Encouraging children to write creatively is a matter of helping them connect with their feelings, explains Diana Noonan.

As an author, the question 
I am most commonly asked is, “Where do you get your ideas from?” Usually, my answer is: “From life.” I write about things that have really happened, people I really know, and places I’ve really been to. But, more importantly, I write about the way I feel about all these things.

When children write, they also bring their feelings to the surface. They turn themselves inside-out as they place their emotions on the page and share them with their conscious selves and others. Their empathy, hopes, dreams, and fears are bared for all to see in an act of supreme vulnerability and trust. This act of sharing the self and making connections with others is, perhaps, the most important reason for encouraging young people to write creatively.

Preschoolers

Writing doesn’t begin with the formation
 of written words. As every author knows, 
it is first and foremost a thinking process – which means that even very young children can “write”. Listen out for your little one’s story-making and help them to capture and record it. You may hear them singing 
a made-up song, or talking aloud about what they are doing as they play with their tea set, sandpit toys, or a friend. A simple comment such as, “Shall we write that little song down so you can draw a picture to go with it?” may be the very catalyst needed to start the child recording their first stories.

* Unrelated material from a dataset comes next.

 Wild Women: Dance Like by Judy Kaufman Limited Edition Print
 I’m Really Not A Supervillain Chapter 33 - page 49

Just as important is the collecting of these creations. Paste the finished work into a scrapbook and shelve it along with their other books so the child comes to see their own work as part of a library of books which can be read along with all their other favourites. If you don’t catch your child in a creative moment, encourage “writing” by suggesting they draw a picture for Teddy or Grandpa. Drawing is its own form of storytelling because it involves the creating of time, place, and (usually) characters. Then let your child tell you about the picture as you capture this story in words.

School kids

Once children have mastered the physical skill of forming words and have a working grip on spelling and basic punctuation, they usually fall into one of two camps: Those who want to write creatively nonstop, and those who don’t want to write at all.

The “writer” requires materials – paper to make books, card for covers, staples to bind the manuscript together – and you as the audience. These are the basics, but you can also offer more if the opportunity arises: The gift of a journal for noting down story ideas, the suggestion the writer create a play for the family to perform, art materials for illustrations, or an entry form for a story-writing competition. If anyone in the family finds photos from magazines that might spark off a story idea, a notice board to pin them on would be handy. Young writers can be encouraged to take turns with friends to write alternating chapters in a longer book,or to send instalments to an eager-to-read grandparent.

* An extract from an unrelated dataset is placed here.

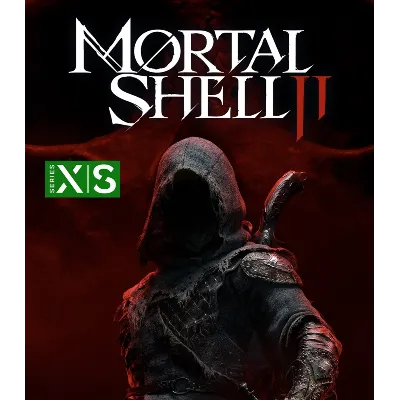 Mortal Shell II XBOX ПОКУПКА ИГРЫ НА ВАШ АКАУНТ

But what can we do to encourage the non-starters? The key with these children is in understanding that, although they appear not to be writing, they will be creating stories in their minds (we all do,
at all stages of our lives); we have only to help them recognise what these stories are and how to express them (which may not be, immediately, in the form of a writing). Non-willing writers may, for example, be interested in cartooning, so why not let them tell their story in pictures? They 
may be budding engineers – in which case, let them draw diagrams of their latest spacecraft or dragon-trap. They may like relating stories aloud, but never feel the urge to record them on paper.

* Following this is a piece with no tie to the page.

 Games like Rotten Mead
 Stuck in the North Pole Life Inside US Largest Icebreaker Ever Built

Your job is to, very slowly, encourage the child to build on these expressions. Help them add a few words to the cartoon, or some labels and explanations to the diagram. Suggest they take their storytelling to the screen rather than paper, and add in some clip art to go with it. But whatever you do, begin from the place the child is at – don’t leap into what, for them, is the feared unknown, and put them off story-writing forever. When the time is right, this longer writing form will very likely arrive of its own accord.